Los santos son, de manera eminente testigos del Dios vivo, hombres y mujeres de Dios, «amigos fuertes» suyos, presencia testificante de Jesucristo entre los hombres y de su victoria sobre la muerte, la mentira y el desamor, manifestación de su rostro y de la vida nueva de las Bienaventuranzas, testimonio real y cercano de la novedad del Evangelio de la caridad y de la esperanza a la que estamos llamados, hechura de Dios y de su gracia, obra acabada en quienes podemos palpar y ver la humanidad nueva obra del Espíritu. La santidad, que es seguimiento fiel de Jesucristo, no merma en nada la plenitud de nuestras vidas, al contrario, la multiplica, la ensancha hasta abrazar con nuestro amor los confines del mundo. Los santos son así luz de vida y esperanza para la sociedad. ¡Qué cota tan alta y deseable de humanidad alcanzaron el Beato Fr. Leopoldo -hijo de san Francisco, el pobre de Asís- y Madre María de la Purísima de la Cruz -hija y continuadora de la gran santa de la caridad, Sor Ángela de la Cruz-!¡Qué sabiduría la suya! ¡Qué libertad tan grande! ¡No tenían nada, pero lo tenía Todo: tenían a Dios, que es Amor y hace vivir la vida con confianza y amor que comparte y cuida! ¡Cómo nos alumbran e iluminan! Y eran tan sencillos, tan sin letras, como Fr. Leopoldo, pero tan grandes en el amor, tan libres para amar, tan verdaderos en el amor, tan sabios con una sabiduría que supera a la de los sabios y entendidos de este mundo.

Los santos, por ser testigos singulares de Dios, son, por lo mismo, testigos de la caridad que no tiene límites y de la entrega servicial a los hombres recorriendo el camino que Cristo recorrió: el camino de las Bienaventuranzas, retrato que Jesús nos dejó de sí mismo, dibujo de su rostro y descripción concreta de su infinita caridad, y de su ilimitada y filial confianza en Dios, obra acabada de verdadera humanidad. La Iglesia santa hecha de santos dará a conocer a Jesucristo, origen y meta de una humanidad nueva y verdadera. Sólo la vida santa conduce a la experiencia viva del Evangelio del Reino de Dios; sólo con santos será creíble, visible y «seguible» el Evangelio. Una Iglesia de santos podrá renovar el mundo, reavivará la vitalidad de los cristianos y sus comunidades con capacidad para meter dentro de nuestra historia la semilla del Evangelio que hace surgir una humanidad nueva hecha de hombres y mujeres nuevos; una Iglesia de santos podrá dar esperanza a esta humanidad tan necesitada de ella. La floración de santos ha sido siempre la mejor respuesta de la Iglesia a los tiempos difíciles. Así también la Iglesia aparece con su rostro más atrayente, hermoso y joven, capaz de entusiasmar, porque se muestra como lo que es: vivo testimonio de Jesucristo, esperanza para los hombres, lleno de vida y de verdad.

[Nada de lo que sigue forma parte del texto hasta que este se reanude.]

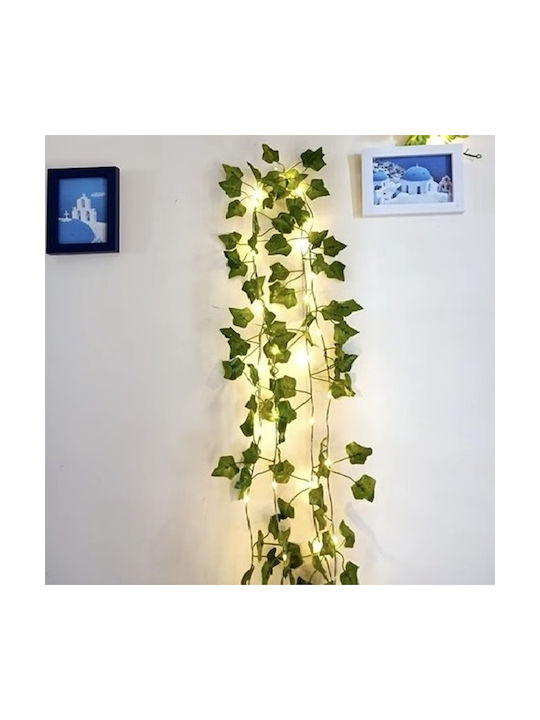 Ghirlandă Decorativă Cu Iedera Iluminată Pentru Perete Balcon Terasă Verde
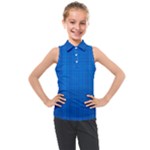 Blue Abstract, Background Pattern Kids  Sleeveless Polo T-Shirt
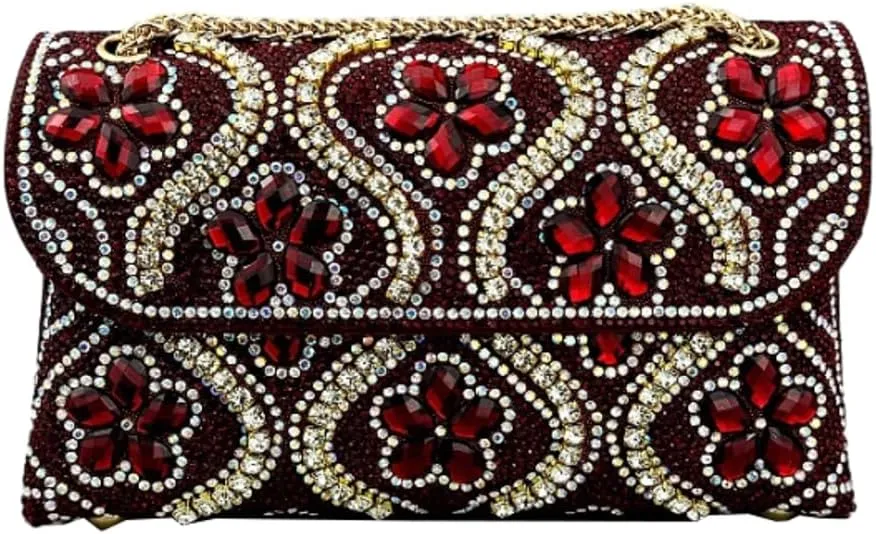 Women's Evening Clutch Purses Trendy flowers Rhinestone Bag Luxury Handbags for Weddings Formal Prom Party 2025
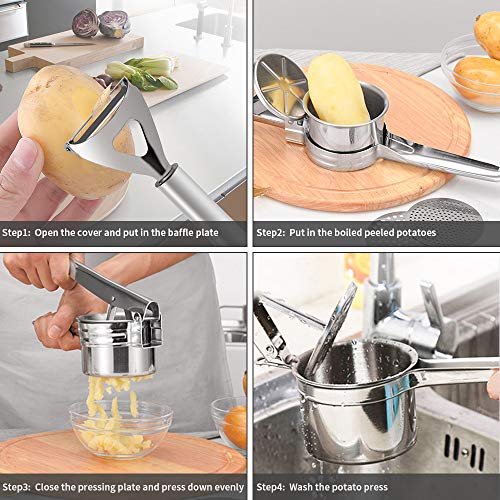 Machacador de Patatas de Acero Inoxidable con 3 Discos Intercambiables y Pelador Potato Ricer para Vegetales Frutas Prensa Trituradora para Puré de Papas,Mermelada,Comida para Bebé,Jugo,Exprimir Limón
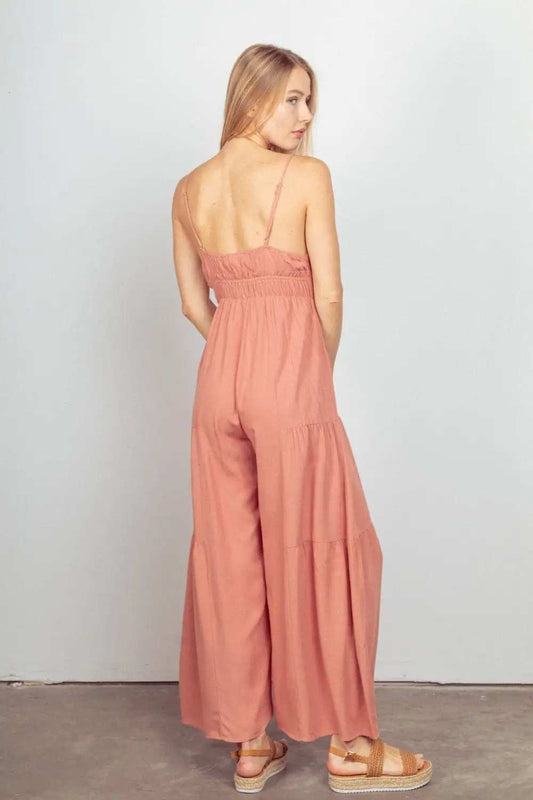 VERY J Sleeveless Ruched Wide Leg Jumpsuit - Trendsi - Flyclothing LLC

España está siendo muy agraciada por la santidad. Reconozco que me impresiona mucho esta floración de santidad en tiempos recientes, y me provoca asombro y admiración el que en sólo un año ha sido canonizado un santo español -San Rafael Arnaiz- y beatificado seis nuevos beatos de nuestra España. Algo, mucho, nos está diciendo Dios a este gran pueblo que es España. Dios nos dice: «¡No tengáis miedo!». Dios abre y nos llama, sin duda, a una gran esperanza, en estos tiempos tan difíciles en los que nos encontramos. Dios tiene cuidado de nosotros, no nos deja; nos convoca y nos muestra el camino: el de los santos, que no es otro que el de la caridad en la verdad, y la verdad en la caridad. Ese es el gran cambio que necesitamos, no nos empeñemos en otro, no busquemos otro distinto al que se nos ofrece: el de Dios, el de la revolución de Dios, el de la humildad, la confianza y el amor suyo en nosotros. ¡España, ése es tu camino!